Aerex / reminiscence

Self-Hosted Bookmark And Archive Manager

Geek Repo:Geek Repo

Github PK Tool:Github PK Tool

Reminiscence

Self-hosted Bookmark and Archive manager

Table of Contents

Features

  • Bookmark links and edit its metadata (like title, tags, summary) via web-interface.

  • Archive links content in HTML, PDF or full-page PNG format.

  • Automatic archival of links to non-html content like pdf, jpg, txt etc..

    i.e. Bookmarking links to pdf, jpg etc.. via web-interface will automatically save those files on server.

  • Supports archival of media elements of a web-page using third party download managers.

  • Directory based categorization of bookmarks

  • Automatic tagging of HTML links.

  • Automatic summarization of HTML content.

  • Special readability mode.

  • Search bookmarks according to url, title, tags or summary.

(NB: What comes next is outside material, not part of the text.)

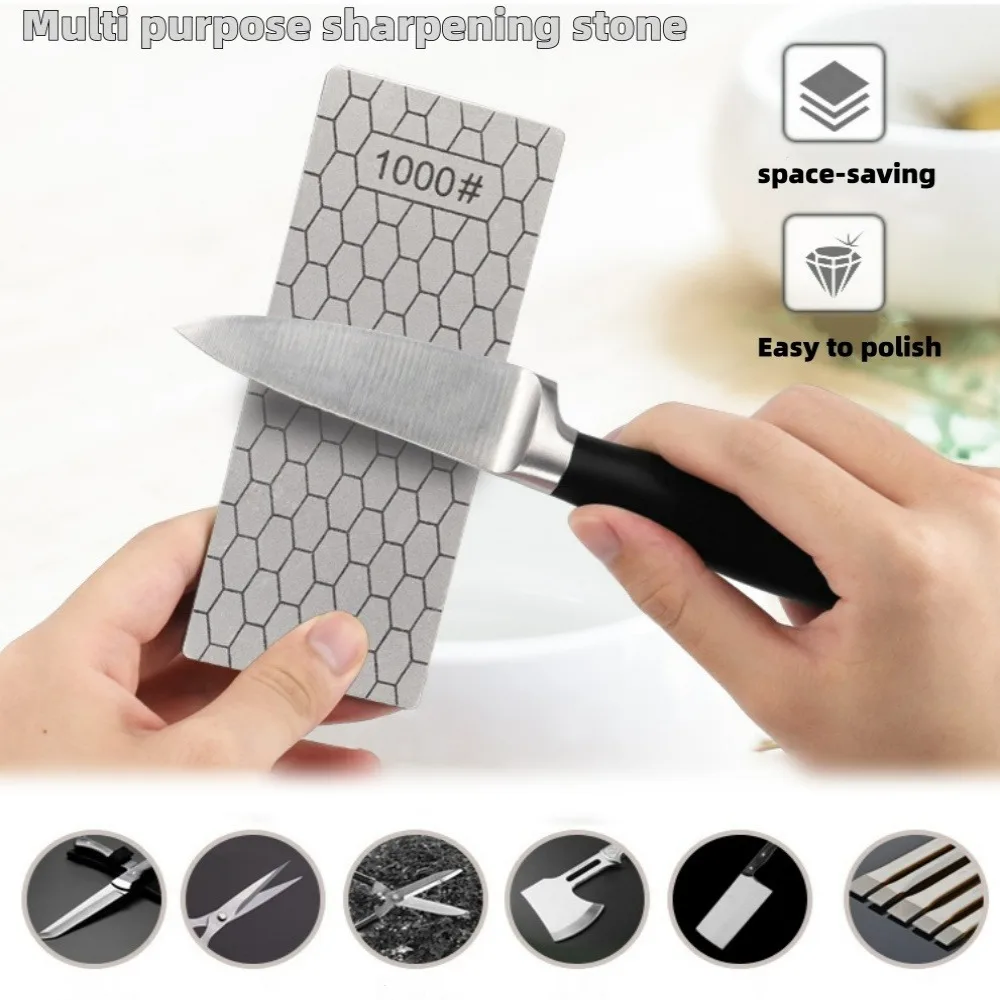 Diamond Honeycomb Shaped Sharpening Stone Piece Multi-Tool Polishing Tungsten Steel Ceramic Grinding Whetstone Kitchen Gadgets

  • Supports multiple user accounts.

  • Supports public and group directory for every user.

  • Upload any file from web-interface for archieving.

  • Easy to use admin interface for managing multiple users.

  • Import bookmarks from Netscape Bookmark HTML file format.

  • Supports streaming of archived media elements.

Installation

  1. First make sure that python 3.5.2+ (recommended version is 3.6.5+) is installed on system and install following packages using native package manager.

     1. virtualenv
    
     2. wkhtmltopdf (for html to pdf/png conversion)
    
     3. redis-server (optional)
    
     4. chromium (optional from v0.2+)
    
  2. Installation of above dependencies in Arch or Arch based distros

     $ sudo pacman -S python-virtualenv wkhtmltopdf redis chromium
    
  3. Installation of above dependencies in Debian or Ubuntu based distros

     $ sudo apt install virtualenv wkhtmltopdf redis-server chromium-browser
    

Note: Name of above dependencies may change depending on distro or OS, so install accordingly. Once above dependencies are installed, execute following commands, which are distro/platform independent.

Now execute following commands in terminal.

$ mkdir reminiscence

$ cd reminiscence

$ virtualenv -p python3 venv

$ source venv/bin/activate

$ cd venv

$ git clone https://github.com/kanishka-linux/reminiscence.git

$ cd reminiscence

$ pip install -r requirements.txt

$ mkdir logs archive tmp

$ python manage.py generatesecretkey

$ python manage.py nltkdownload

$ python manage.py migrate

$ python manage.py createsuperuser

$ python manage.py runserver 127.0.0.1:8000 

open 127.0.0.1:8000 using any browser, login and start adding links

**Note:** replace localhost address with local ip address of your server
        
          to access web-interface from anywhere on the local network

Admin interface available at: /admin/

Setting up Celery (optional):

  1. Generating PDFs and PNGs are resource intesive and time consuming. We can delegate these tasks to celery, in order to execute them in the background.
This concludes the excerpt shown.